Thirty diapers is enough of a rotation alone to only have to do diaper laundry twice a week. However, we also use cover-style diapers from Bummis and Thirsties with an insert in them. What I like most about covers is that unless Evie poops, we only have to change the insert. Less laundry! We bought all of these diapers from Diaper Swappers and Craigslist for half what we’d pay in stores, and some of them had never even been used.

Now, unless we’re traveling somewhere that we can’t exactly carry around a bag full of dirty diapers, Evie is in cloth full-time. We use a mix of covers and pocket diapers during the day, and she wears pocket diapers at night (as they have more absorbent material). The money we save is great, the eased environmental impact is awesome, and Evie has never had a diaper rash. But all of that aside, aren’t cloth diapers just TOO CUTE???

Yesterday, the first day of World Breastfeeding Week, Evie turned 6 months old – so next week’s blog will be focused on our nursing relationship and how we are incorporating solids. Have a great week!

  • Sol

    We cloth diaper as well and have found it wasn't difficult at all. Our system differs a bit (we use mostly prefolds and covers during the day). I've been interested in Kawaiis and am going to look into trying out some. We do cloth diaper while traveling but only if we aren't away for more than a week or if we can find a washer/dryer to use. Still it isn't the easiest thing to do.
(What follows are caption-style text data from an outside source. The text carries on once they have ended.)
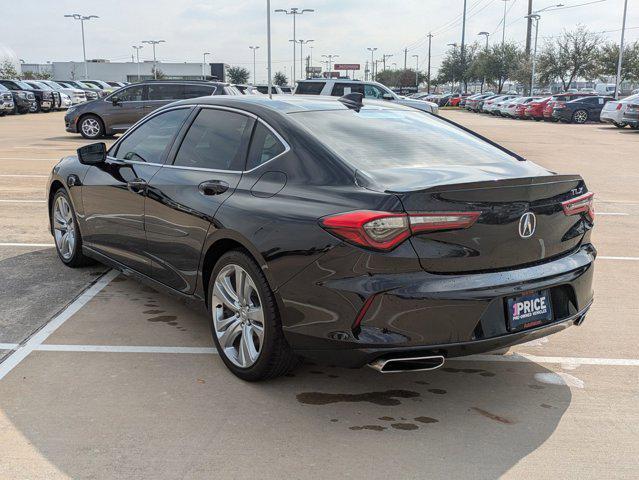 used 2021 Acura TLX car, priced at $24,588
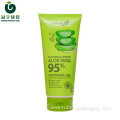 300ml cosmetic plastic tube for conditioner packaging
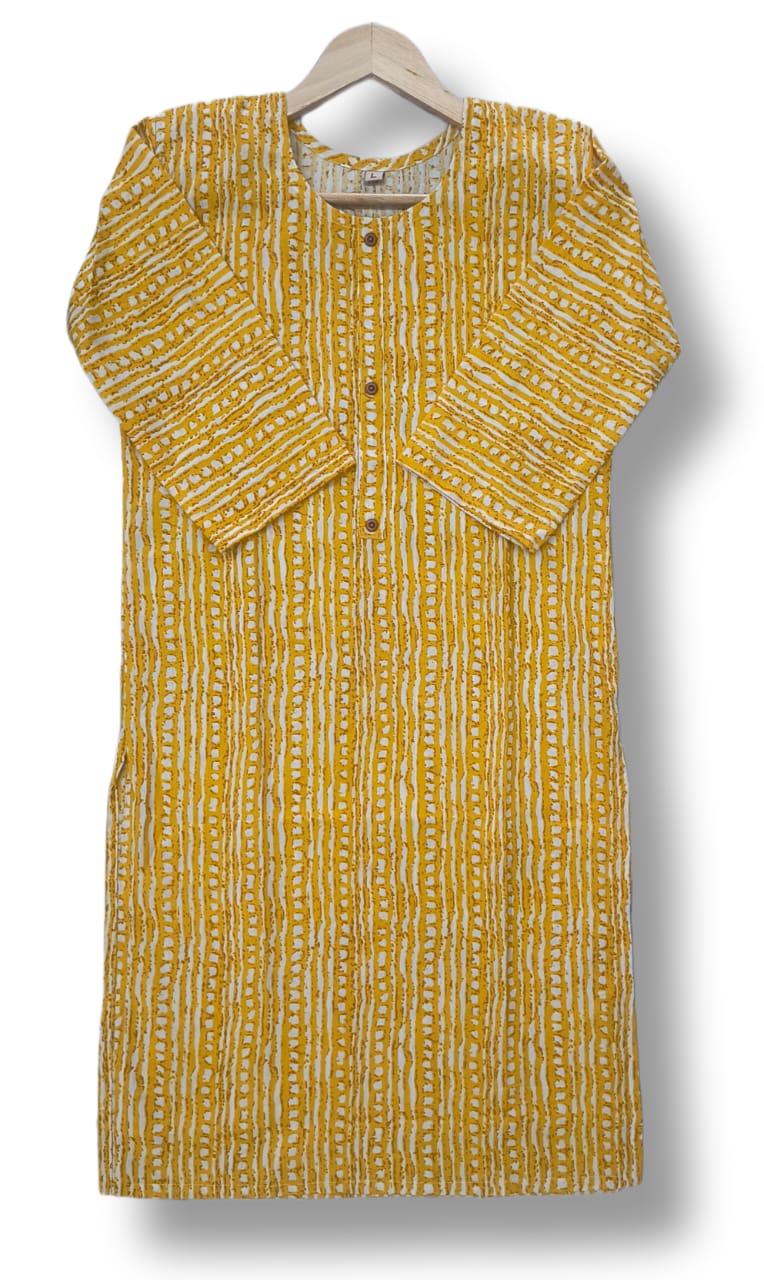 PRINTED COTTON KURTI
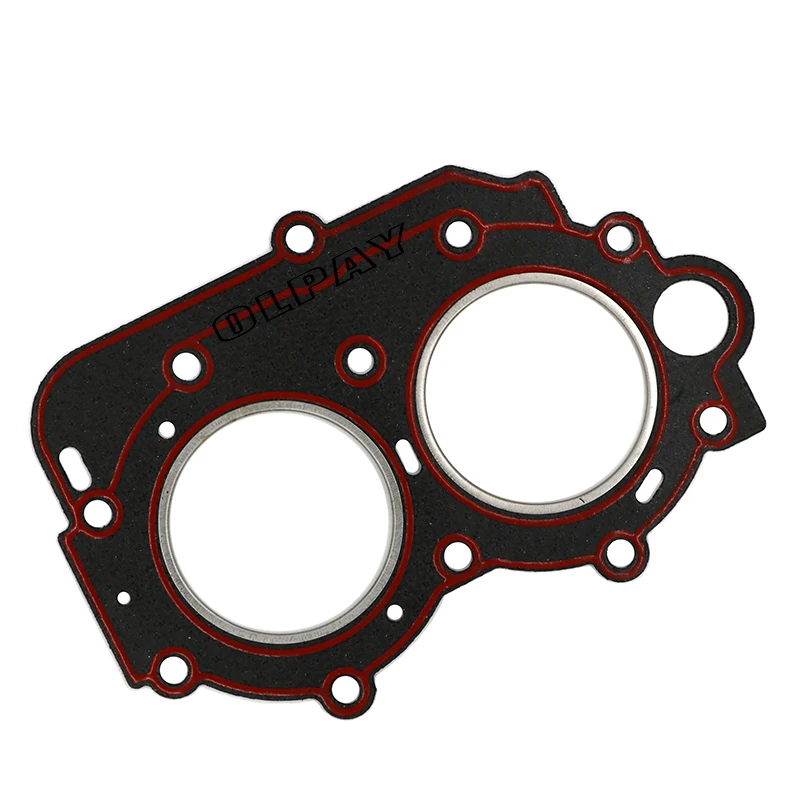 63V-11181 Cylinder Head Gasket for Yamaha Outboard 9.9HP 15HP 18 HP 2 Stroke 63V-11181-A1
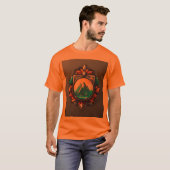 メンズベーシックTシャツ Tシャツ (正面フル)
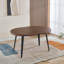 Table extensible, table de salle à manger, table de bureau, table basse, pieds en métal, plateau en panneau de fibres à densité moyenne-86857696-86857701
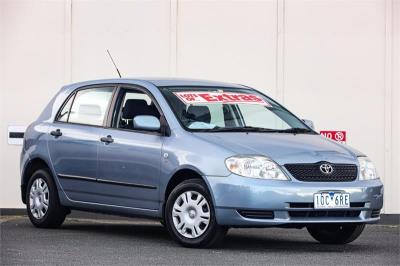 2002 Toyota Corolla Ascent Hatchback ZZE122R for sale in Melbourne East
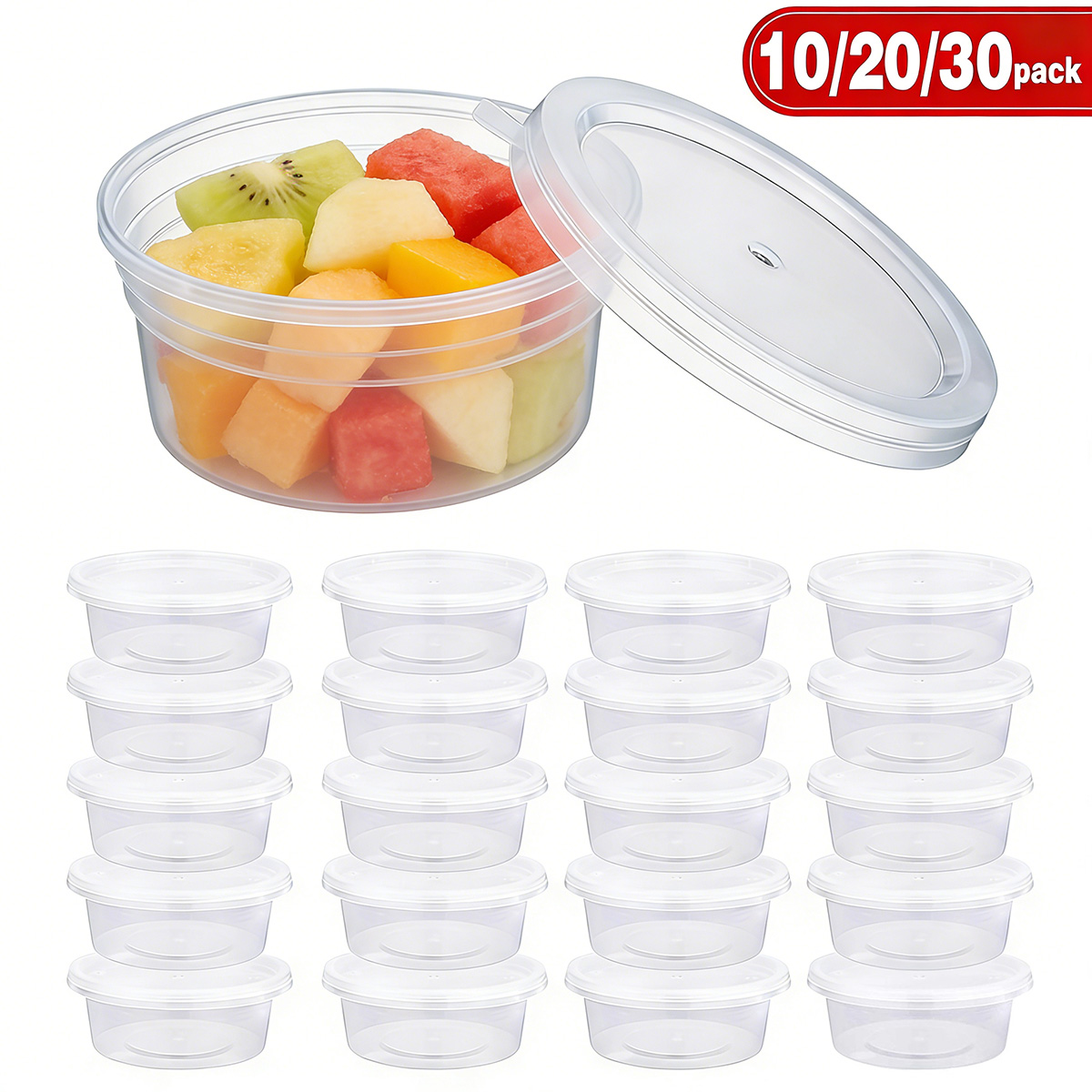 10/20/30 Pack Small Slime Cont - Food Storage Meals ulasan dan harga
    My lil one is 7 months and we just started on solids. It has been fun but somewhat stressful at times. I look forward to reading about how you are incorporating solids.

  • http://twitter.com/VegaVelocity Jessyka Greene

    I have 5 still in the package if you'd like one to try out!

  • Sol

    Great! Send me an email @[email protected] when you have a chance. I'd totally buy them.